2019 yılında, kimliği açıklanmayan bir İsrailli yetkili, işgal devletinin Gazze’den göç etmek isteyen Gazzelilere kolaylıklar sunmayı teklif ettiğini belirtti. Bu kapsamda, Gazze’den göç etmek isteyenlere, Negev’deki bir İsrail havaalanını kullanma imkânı tanıyacaklarını, ayrıca bu konunun birkaç kez İsrail güvenlik kabinesine sunulup tartışıldığını ifade etti. Yetkili, ayrıca birkaç Orta Doğu ülkesi ve diğer ülkelerle, Filistinli göçmenleri kabul etmeleri için temas kurduklarını ancak hiçbir ülkenin Filistinlileri kabul etmeyi istemediğini belirtti.

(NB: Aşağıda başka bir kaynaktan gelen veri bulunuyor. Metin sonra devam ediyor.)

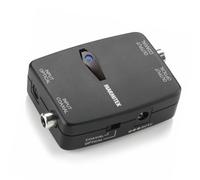 Marmitek Convertisseur audio Connect TC22 – Toslink vers coaxial (SPDIF) – 2 sorties actives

Çevrilen makaleye dönecek olursak, yazar, Gazze’den göç çağrısını savunurken, bunun Gazzelilerin isteği olduğunu ve Gazze’nin nüfus yoğunluğu nedeniyle yaşam fırsatları açısından umutsuz olduğunu iddia etmektedir. Bu durum kesinlikle doğrudur, ancak yazar, Gazze’nin bu duruma gelmesinin nedenini hiç ele almamaktadır. Sanki Gazze’deki insani kriz, bölgenin doğal bir sonucuymuş gibi bahsedilmiştir; oysa burada işgalin, 1948’den itibaren yapılan toprak müsaderelerinin, zorla yerinden ettirilmenin ve en kötüsü İsrail’in uyguladığı ablukanın rolü göz ardı edilmiştir. Bu abluka, Gazze’yi fırsatlardan ve umutlardan mahrum bırakan en önemli faktördür. Yazar, aynı zamanda, Gazze’deki işsizlik, yoksulluk, büyüme ve kalkınma oranlarının tamamen İsrail’in kontrolünde olduğunu, İsrail’in bilinçli olarak Gazze’yi bu hale soktuğunu göz ardı etmektedir. İsrail’in Gazzelilerin yerinden edilmesi amacıyla adımlarını yönlendirdiğini belirtmemektedir. İsrail, kararlarıyla işsizlik oranlarını değiştirebilir, ancak bilinçli bir şekilde Gazze’deki işsizlik oranını %50’nin altına indirmemekte ısrar etmiştir. Asıl büyük suçu ise, 1967’de Gazze’nin işgali sonrasında, İsrail’in bu bölgedeki tarımı yok etmek ve Filistinlilerin burada yaşamalarını engellemek için “Gazze’yi kurutma” planını ortaya koymuş olmasıdır.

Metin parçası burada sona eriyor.